There may be situations in which the background sweeper’s heuristics for selecting tables to sweep may not satisfy one’s requirements. One can influence the selection process by configuring the sweep.sweepPriorityOverrides parameter in runtime configuration.

AtlasDB Runtime Config

Default

Description

blacklistTables

[]

List of fully qualified table names (e.g. namespace.tablename) which the background sweeper should not sweep.

priorityTables

[]

List of fully qualified table names which the background sweeper should prioritise for sweep.

Note that the conditions for table selection are only checked between iterations of sweep. The algorithm for deciding whether a table that is currently being swept should continue to be swept is as follows:

  1. If the table being swept is a priority table, continue sweeping it.

  2. If there are any priority tables and the table currently being swept is not a priority table, stop sweeping it and switch to a random priority table.

  3. If the table being swept is not blacklisted, continue sweeping it.

  4. There are no priority tables, and the table being swept is blacklisted; select another table using standard sweep heuristics.

Note that if blacklist/priority settings are subsequently removed, sweep will continue sweeping the table that those settings have made it select (in particular, it will not immediately return to the original table it was sweeping).
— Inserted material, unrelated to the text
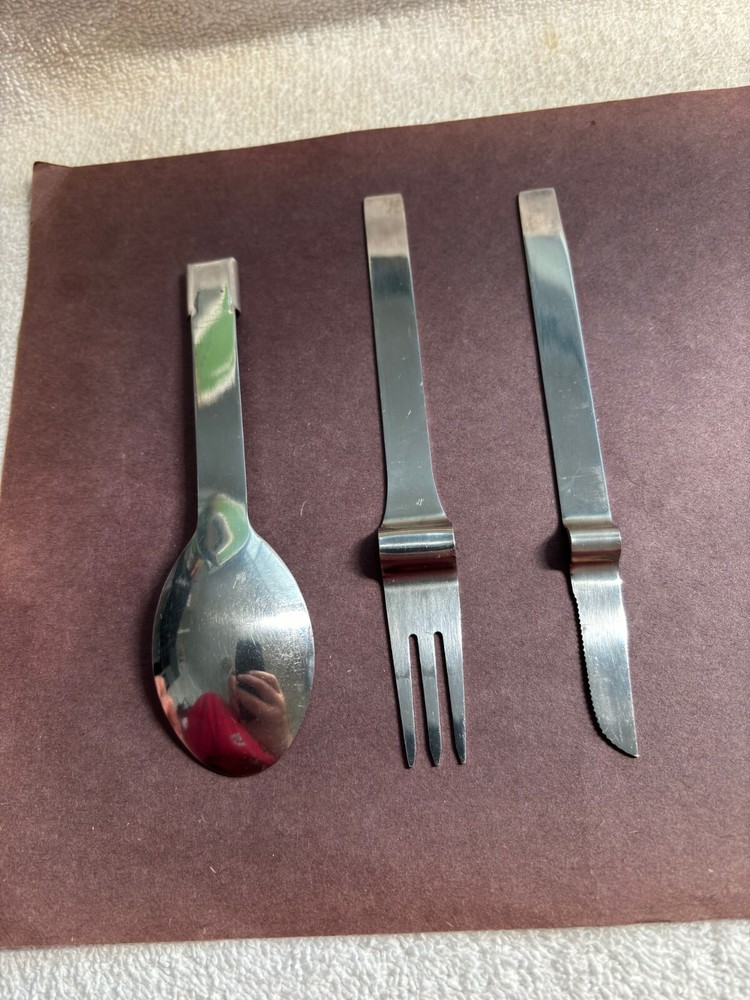 COLEMAN SILVERWARE METAL USED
Also, as we don’t know the data distribution of the original table we were sweeping, we don’t know how much of the table we have swept; we thus don’t have enough information to update the sweep priority table with our results while registering that we have only done a partial sweep. In practice, this would tend to mean that the probability the original table being swept will be picked again for sweeping after overrides have been removed may be a little higher than if we accounted for the partial sweep.

One possible use of having blacklist tables is for specifying tables which you don’t want the background sweeper to sweep, but you still want to be able to carry out a manual sweep. Note that specifying tables as SweepStrategy.NOTHING will mean that even manual sweeps will not do anything.